Motif-based approaches for scaling read/write cost in DNA storage

The surge in demand for cost-effective long-term archival media, coupled with density limitations of contemporary magnetic media, has resulted in synthetic DNA emerging as a promising new alternative. Despite its benefits, storing data in DNA poses several challenges as the technology used for writing data on DNA is very expensive, and technology used for reading data is error prone. Thus, it is important to design pipelines that can efficiently use redundancy to mask errors without amplifying read/write cost. In this talk, we will present the benefits of using motifs, which are short sequences of nucleotides, as fundamental building blocks for encoding/decoding digital data to/from DNA instead of the traditional approach of using nucleotides. We first present CMOSS [1], a reliable, motif-based Columnar Molecular Storage System that focuses on reading the read cost of DNA data storage. CMOSS differs from state-of-the-art approaches on three fronts. First, it uses a motif-based, columnar layout in contrast to nucleotide-based row layout for designing oligos. Second, thanks to use of motifs, it performs integrated consensus calling and decoding to effectively handle reliability bias in DNA storage. Third, it provides a flexible, blockbased data organization for random access over DNA storage in contrast to object-based organization used by state-of-the-art. Using results from large-scale wet-lab experiments, we demonstrate the benefit of CMOSS’ motif-based design in reducing read cost. Next, we focus on reducing the benefit of using motifs for reducing the write cost of DNA storage.
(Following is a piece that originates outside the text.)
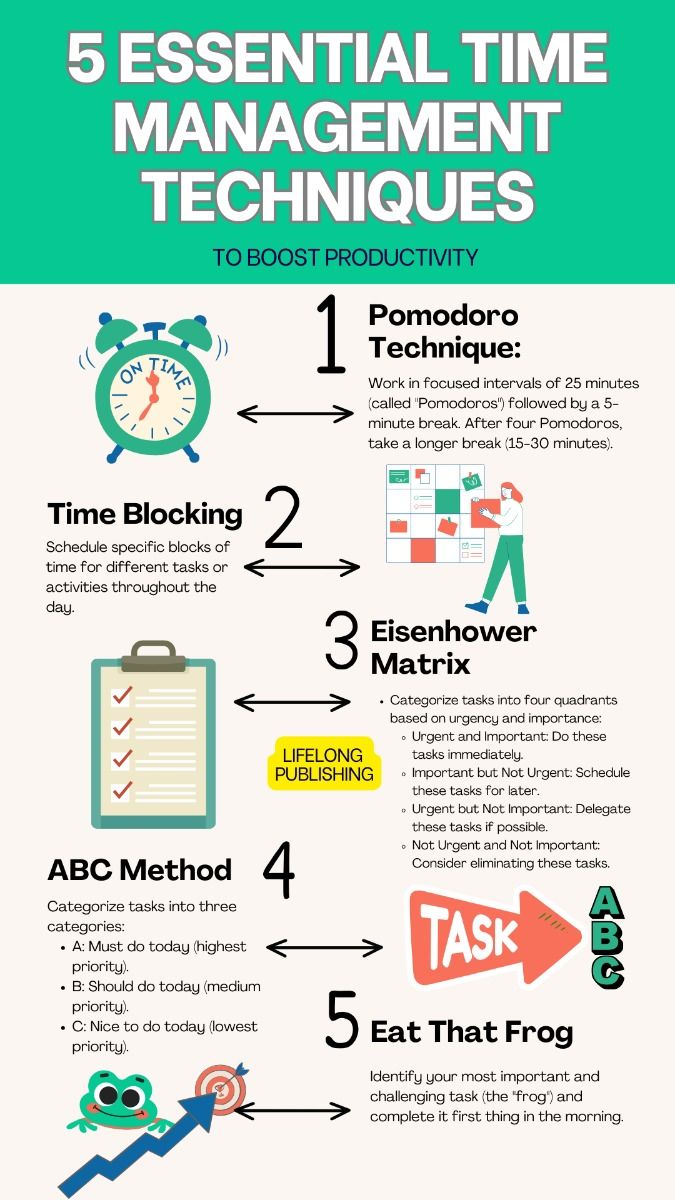 Understanding Calendar Systems for Effective Time Management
In particular, we will present the composite motifs [2]—a framework that uses a mixture of prefabricated motifs sequences assembled as building blocks of synthesis to reduce write cost by scaling logical density. We will provide an overview of synthesis and sequencing techniques, consensus calling methods, and encoding/decoding algorithms customized to the composite motifs framework. Using these tools, we will present the results from wet-lab experiments that show how the use of motifs as building blocks can provide an order of magnitude reduction in write cost as well.